But that figure, says the chairperson of the Manyeleti Community Property Association (CPA), John Ndlovu, is incorrect. “It is over 250 families… in May the CPA received the title deeds, it is finished”.

Apparently not.

Splinter groups, lawyers and trampled grass

Fellow land claimant, and seemingly sworn enemy Andries Sihlangu, who unsuccessfully contested the chairmanship of the CPA, is not in agreement.

Somewhere between 1998 and 2002, the two main Manyeleti community bulls, Sihlangu and Ndlovu, started trampling the grass, creating thunder.

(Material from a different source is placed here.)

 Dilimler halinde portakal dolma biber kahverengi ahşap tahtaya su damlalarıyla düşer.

He [Ndlovu] started to hijack the claim and include new unverified [land claimants] members in the list and bringing investors and sign agreements of concessions behind our back,” says Sihlangu.

It is not resolved in Sihlangu’s mind,” says Ndlovu. “He was part of the committee election. He wanted to be the chairperson. But the people had spoken.”

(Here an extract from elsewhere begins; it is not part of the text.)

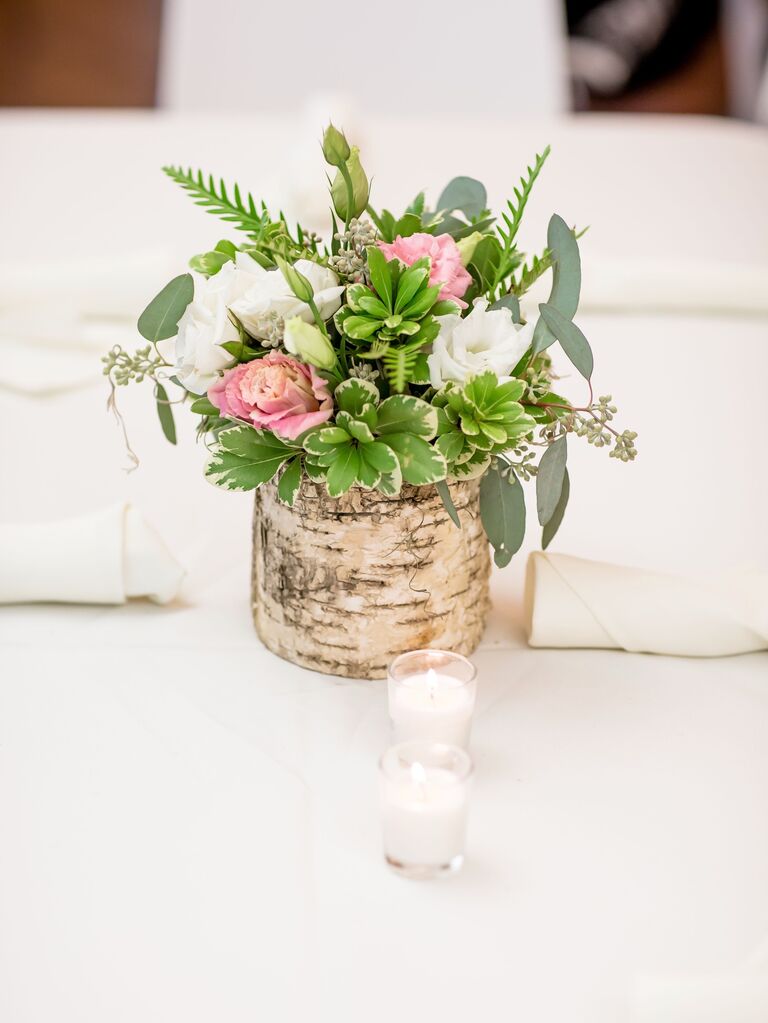 A lovely floral centerpiece with greenery and pink flowers.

So opposed to Ndlovu and these added claimants is Sihlangu that he formed a claimant splinter faction called the Concerned Group.

Unpacking the history of the Manyeleti land claims, Schulz says the first one, made in 1997, was rejected.

It’s a fair bet that when the second claim was made in 1998, as he confirmed, the claimants wouldn’t have thought they’d still be here 21 years later, watching the summer thunderclouds roll over land they believed was theirs. Or that it could get so complicated.

Back then, maybe Sihlangu, Ndlovu and their fellow claimants watched those clouds roll overhead together, possibly even over a carton of mageu brew and nyama choma. While that is pure conjecture, what is as certain as an old taxi getting stuck on a dirt road after a big rain, is that when power, egos and money are involved in the lowveld, there will be thunder.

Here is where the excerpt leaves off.